◆ **THE TASK**: Give an exact copy of the lines from the beginning of the listing below to the "Room 28 of 102" line, inclusive.

◆ **DATA EXTRACT**:
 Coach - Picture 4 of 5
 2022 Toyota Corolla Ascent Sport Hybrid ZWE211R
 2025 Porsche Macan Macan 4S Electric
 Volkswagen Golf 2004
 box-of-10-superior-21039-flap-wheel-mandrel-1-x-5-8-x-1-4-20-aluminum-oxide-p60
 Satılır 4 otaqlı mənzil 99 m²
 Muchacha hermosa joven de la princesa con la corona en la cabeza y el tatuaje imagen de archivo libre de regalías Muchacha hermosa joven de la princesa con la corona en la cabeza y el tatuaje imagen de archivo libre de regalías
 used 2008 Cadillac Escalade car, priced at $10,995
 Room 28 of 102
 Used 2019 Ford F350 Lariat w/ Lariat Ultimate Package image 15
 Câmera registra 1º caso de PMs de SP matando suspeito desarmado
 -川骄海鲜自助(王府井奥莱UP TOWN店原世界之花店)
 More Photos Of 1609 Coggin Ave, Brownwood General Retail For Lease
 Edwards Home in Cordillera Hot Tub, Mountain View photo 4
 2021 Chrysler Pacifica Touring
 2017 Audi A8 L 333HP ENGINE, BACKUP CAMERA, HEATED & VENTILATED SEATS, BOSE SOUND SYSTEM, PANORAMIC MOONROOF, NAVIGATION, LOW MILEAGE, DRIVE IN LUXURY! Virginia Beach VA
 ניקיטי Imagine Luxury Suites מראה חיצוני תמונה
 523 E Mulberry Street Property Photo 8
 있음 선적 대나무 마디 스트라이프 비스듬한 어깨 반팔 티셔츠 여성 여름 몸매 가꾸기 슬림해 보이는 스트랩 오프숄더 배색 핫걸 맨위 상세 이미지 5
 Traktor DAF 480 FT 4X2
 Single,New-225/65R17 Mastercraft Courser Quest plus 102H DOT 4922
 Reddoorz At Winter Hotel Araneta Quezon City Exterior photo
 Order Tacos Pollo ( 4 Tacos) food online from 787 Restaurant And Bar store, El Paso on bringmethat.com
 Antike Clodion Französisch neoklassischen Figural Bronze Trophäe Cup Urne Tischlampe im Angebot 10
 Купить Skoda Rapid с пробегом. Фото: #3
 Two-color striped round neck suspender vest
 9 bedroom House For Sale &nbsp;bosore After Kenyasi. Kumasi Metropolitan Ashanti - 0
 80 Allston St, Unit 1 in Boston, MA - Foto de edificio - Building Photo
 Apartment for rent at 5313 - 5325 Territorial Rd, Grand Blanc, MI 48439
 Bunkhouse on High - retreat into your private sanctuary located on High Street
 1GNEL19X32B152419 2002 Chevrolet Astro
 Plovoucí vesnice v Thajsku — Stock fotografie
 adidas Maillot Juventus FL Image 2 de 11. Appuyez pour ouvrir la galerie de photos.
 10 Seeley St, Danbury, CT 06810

◆ **RESULT FOR THIS EXERCISE**:
 Coach - Picture 4 of 5
 2022 Toyota Corolla Ascent Sport Hybrid ZWE211R
 2025 Porsche Macan Macan 4S Electric
 Volkswagen Golf 2004
 box-of-10-superior-21039-flap-wheel-mandrel-1-x-5-8-x-1-4-20-aluminum-oxide-p60
 Satılır 4 otaqlı mənzil 99 m²
 Muchacha hermosa joven de la princesa con la corona en la cabeza y el tatuaje imagen de archivo libre de regalías Muchacha hermosa joven de la princesa con la corona en la cabeza y el tatuaje imagen de archivo libre de regalías
 used 2008 Cadillac Escalade car, priced at $10,995
 Room 28 of 102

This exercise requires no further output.